Given that so many of our personal stories take place at work, the need for great workspaces is no small matter. Ryan takes office space seriously, looking for every opportunity to improve the employee experience throughout the course of an office development. Cargill not only needed a space that would accommodate additional employees, they desired a showcase piece that was exciting and forward thinking and that would support recruitment and retention. By understanding Cargill’s unique business approach and the value they were placing on the remodel, Ryan could offer the design and construction solutions that would satisfy their goals on all levels.
This deep understanding was particularly noticeable and essential in the building of various components of the headquarters space. For example, Ryan consolidated trader functions in a dynamic, technology-rich, sunken trading floor, complete with video monitors and ticker tape scrolls that interpret classic trading floors in a modern way. This would become a key part of the project and a tangible representation of Cargill’s commitment to this area of their business. Additionally, nestled within the facility is a generous corporate conference center with meeting rooms and support facilities, an appealing space for the Waycross financial team, and high-design office suites for the CEO and the executive team who previously worked in an offsite location.
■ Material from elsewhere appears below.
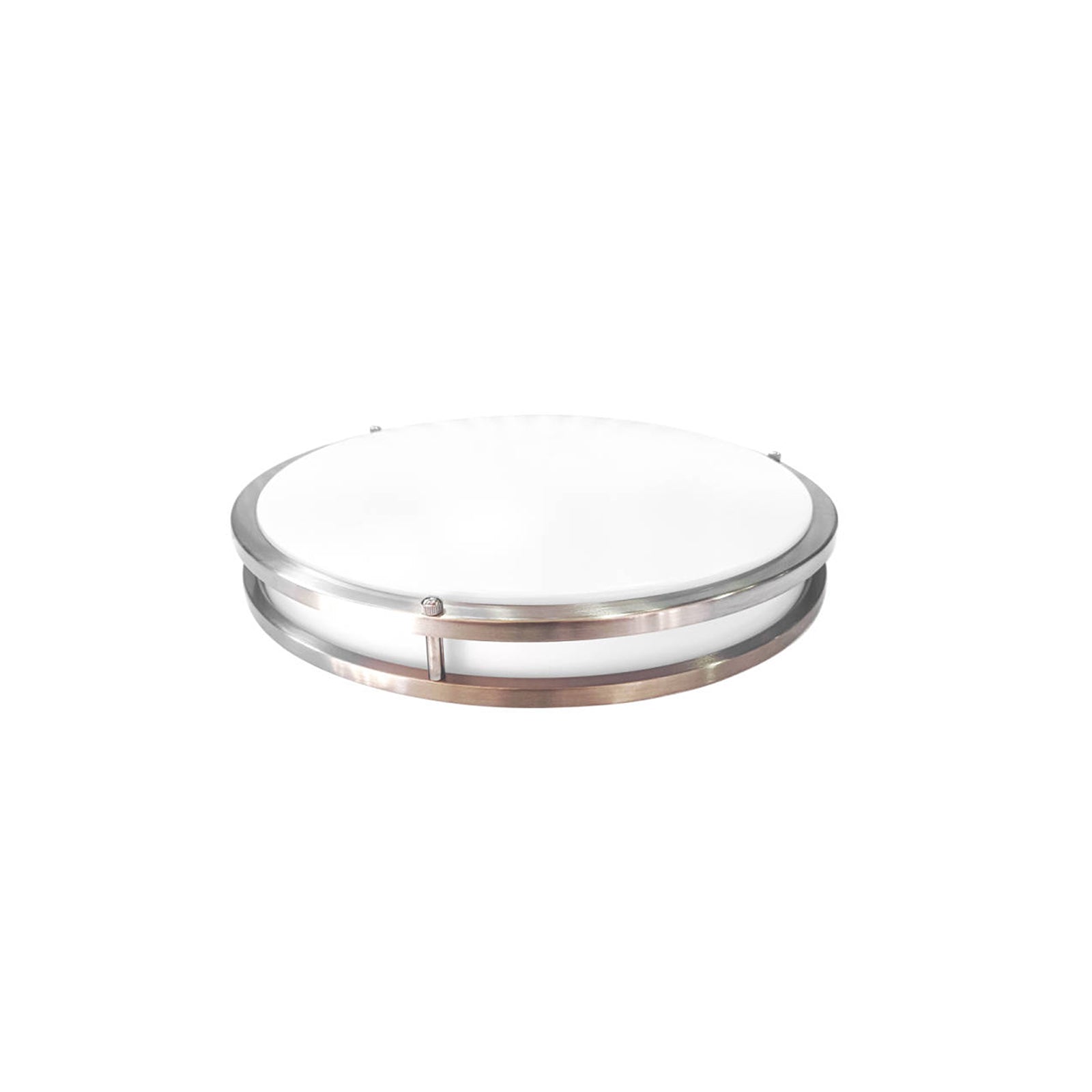 TANLITE 16 Inch Double Ring Flush Mount Ceiling Light. 3500/4000/5000K Adjustable. Dimmable LED Ceiling Light Fixture for Kitchen Hallway. Brushed Nickel. 25W (170W Eqv.). 1675 Lm. Energy Star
As Cargill and their businesses continue to evolve, the design was created to evolve with it, providing flexibility for the way Cargill does business. While maintaining the classic and timeless feel of their corporate headquarters, our A+E team worked to incorporate collaborative, versatile workspaces, making the space lighter and brighter, more open and intuitive, and easier to navigate. The innovative new space puts a strong focus on health and wellness, prioritizing employee satisfaction and revolutionizing the team member environment.
Cargill’s HQ represents one of Ryan’s best examples of a tightly integrated project team—there were firmly established shared goals between our design and construction teams which facilitated an unparalleled sense of teamwork and leveraged the team’s breadth of knowledge and perspectives. This tight collaboration allowed for speed, flexibility and the near seamless accommodation of the client’s requests and changes—many of which wouldn’t have happened otherwise.
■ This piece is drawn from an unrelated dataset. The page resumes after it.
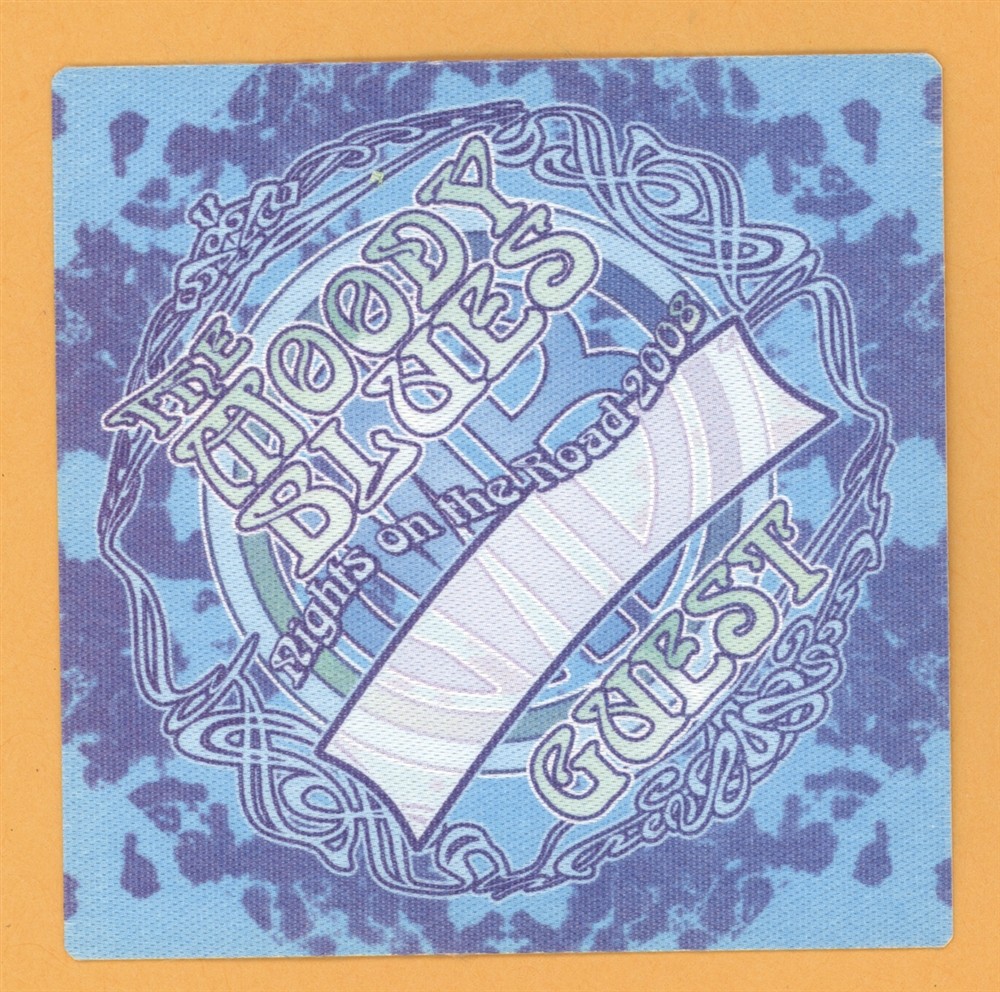 Moody Blues 2008 Rights on The Road Concert Tour GUEST Backstage Pass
With an undefined starting budget, Ryan took a creative approach, presenting Cargill with a “good, better, best” model that helped to establish the financial impact of the design decisions. Traditionally this happens later, during the value engineering phase, and it can be a long and inefficient process. Our approach required us to spend significantly more time on the design development, but the value engineering process was, in effect, essentially nonexistent. It’s a new way to think about the design process that worked perfectly for this project.
Cargill has high standards; they ask for challenging things and Ryan figures out how to make them happen. Ultimately, it was the flexibility of schedule and design and our willingness to partner with Cargill’s in-house design team that resulted in Cargill choosing Ryan as a partner for the design-build. From the beginning, Ryan was tasked with providing the options and solutions that would help owners and key stakeholders make the right decisions as they considered their goals for the project.
Ryan was the architect of record but not the lead designer, which means we didn’t have the opportunity to communicate directly with business units. As a result, we relied heavily on our relationship with Cargill and their designer to ensure we were delivering on their demands.
The Cargill designer had a clear vision, and a positive, highly collaborative relationship and frequent communication is what made the success of the project possible. The mutual trust and sense of partnership allowed us to consider changes and suggestions throughout the course of the remodel, while helping Cargill understand the impact of the changes they were asking for. All while staying within the constraints of schedule and budget.